→ **Task to complete**
Only the stretch below from the line holding "Rebelflow Women's Black" through the line holding "5th semester compulsory" should be restated, word for word and with both ends included; pictures stay out.

*** Records shown Section Begins ***

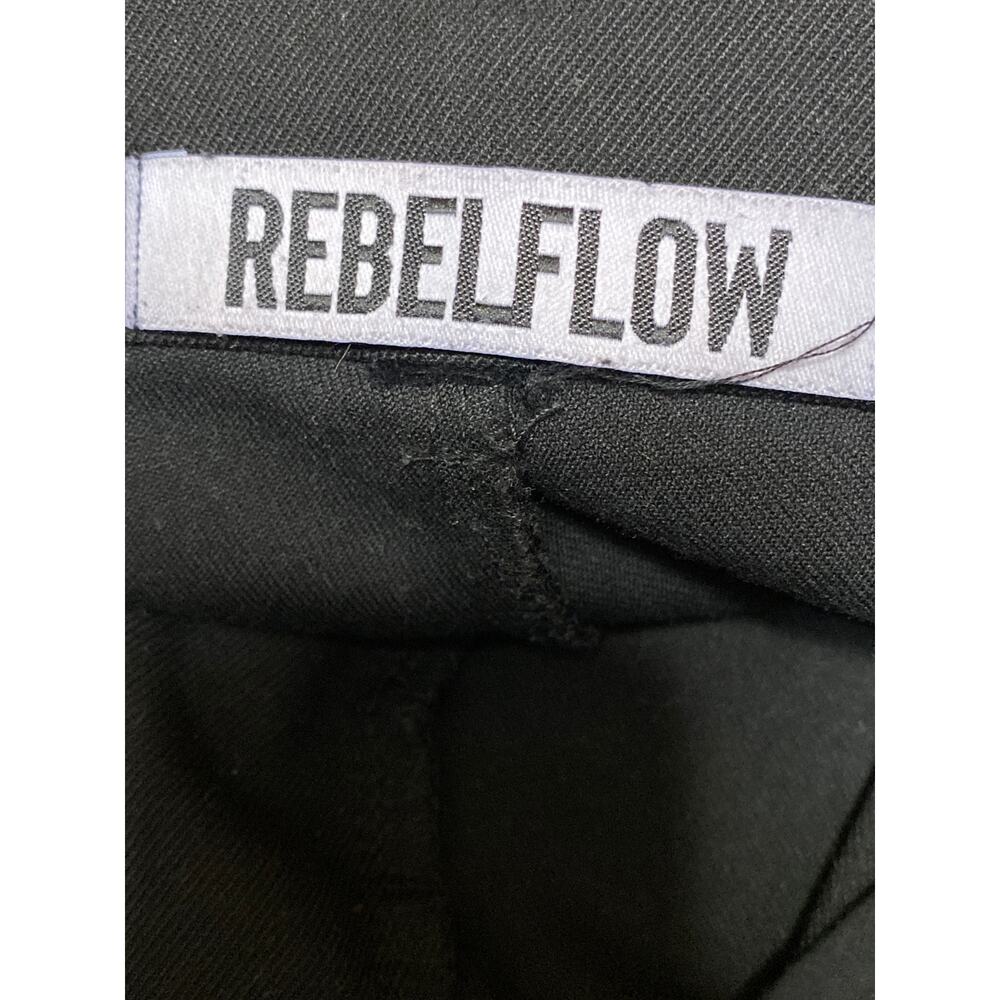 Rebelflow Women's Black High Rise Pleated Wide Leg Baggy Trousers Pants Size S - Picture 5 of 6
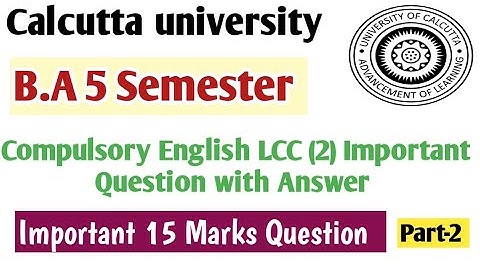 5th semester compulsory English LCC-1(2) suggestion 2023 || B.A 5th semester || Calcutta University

*** Records shown Section Ends ***
*** Records shown Section Begins ***

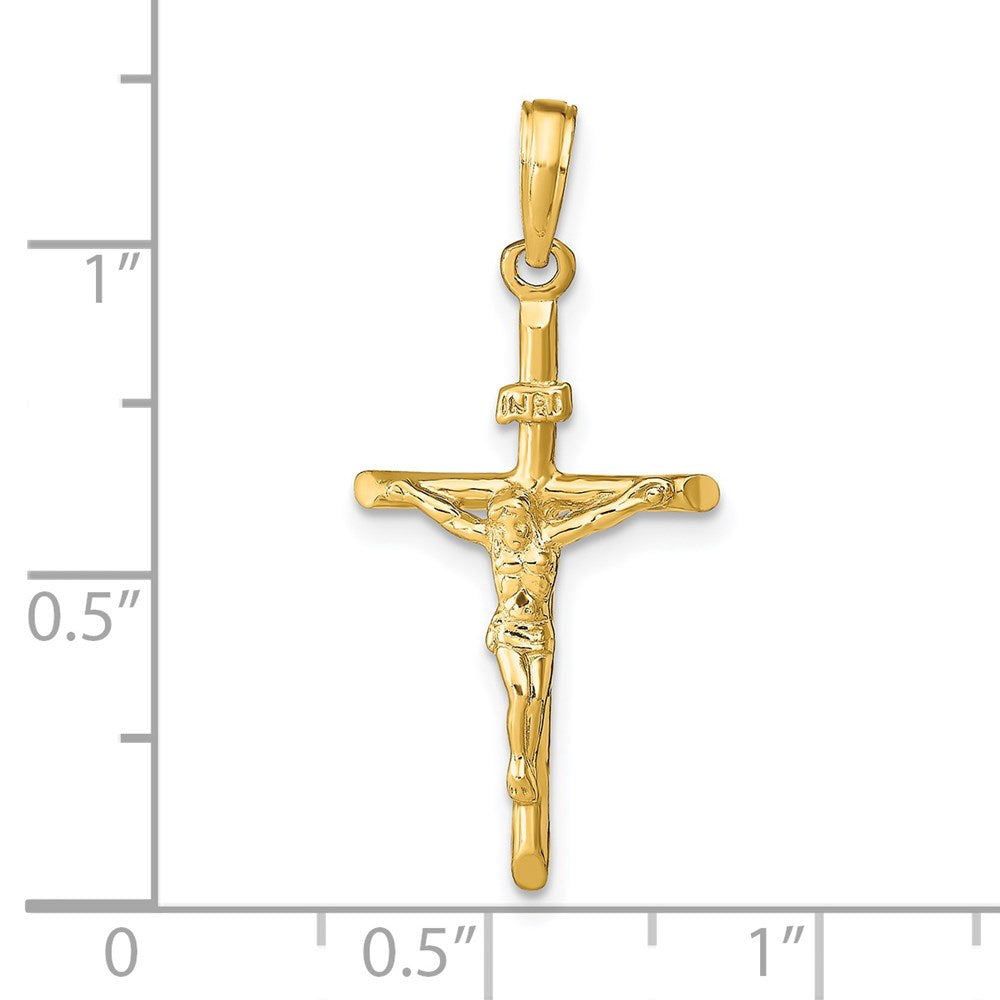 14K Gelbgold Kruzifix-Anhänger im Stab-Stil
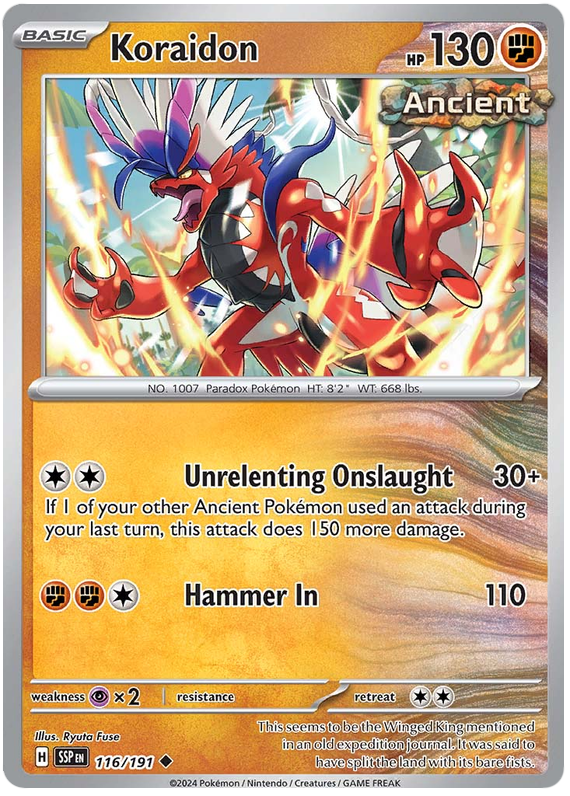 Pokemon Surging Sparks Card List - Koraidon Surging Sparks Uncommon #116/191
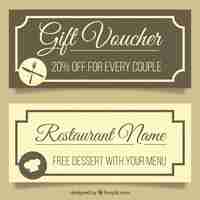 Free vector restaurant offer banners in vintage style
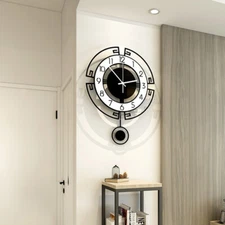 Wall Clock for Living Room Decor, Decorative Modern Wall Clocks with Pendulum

*** Records shown Section Ends ***
*** Records shown Section Begins ***

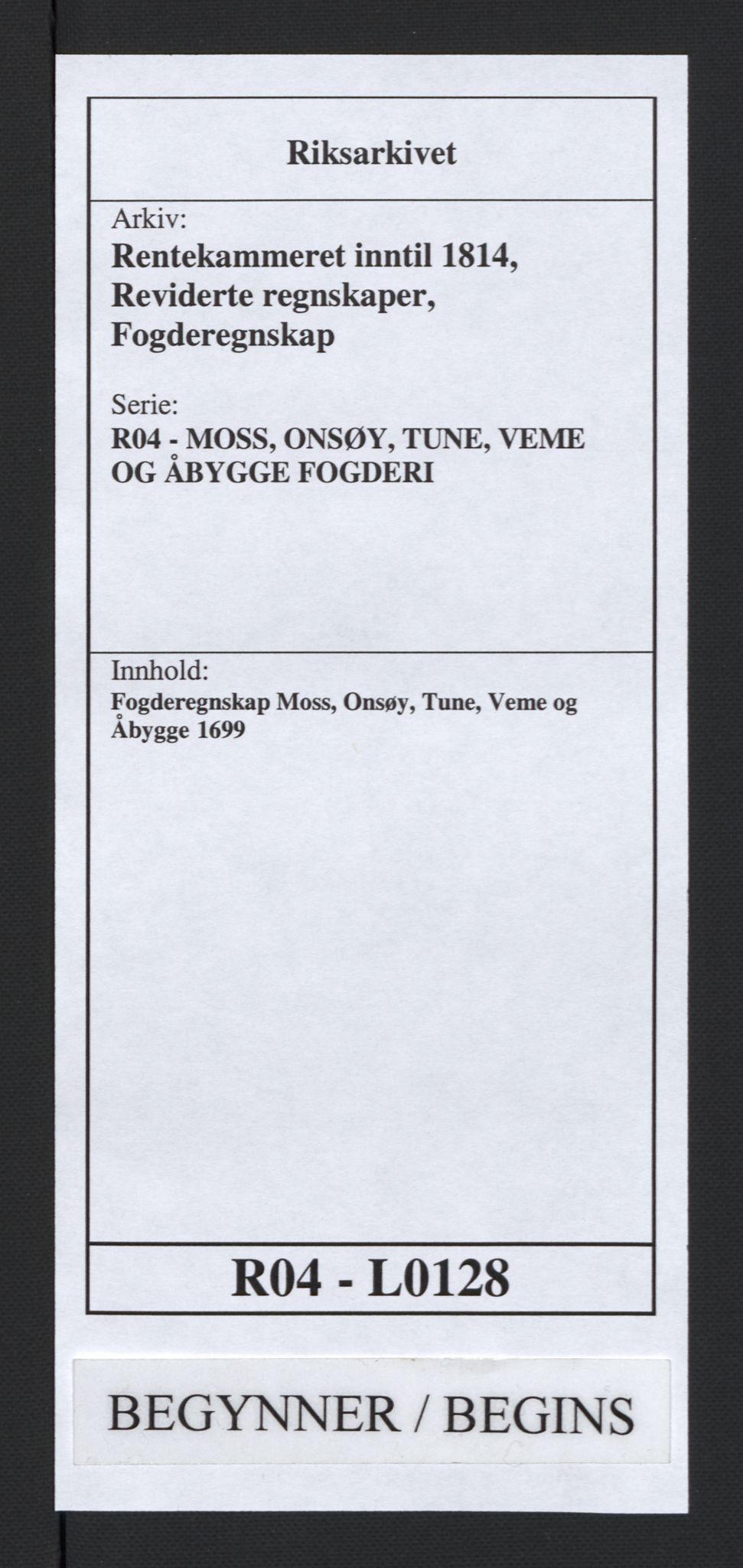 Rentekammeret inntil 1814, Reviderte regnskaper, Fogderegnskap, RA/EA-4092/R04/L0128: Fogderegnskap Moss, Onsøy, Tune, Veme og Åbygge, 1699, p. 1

*** Records shown Section Ends ***

→ **Expected answer**
 Rebelflow Women's Black High Rise Pleated Wide Leg Baggy Trousers Pants Size S - Picture 5 of 6
 5th semester compulsory English LCC-1(2) suggestion 2023 || B.A 5th semester || Calcutta University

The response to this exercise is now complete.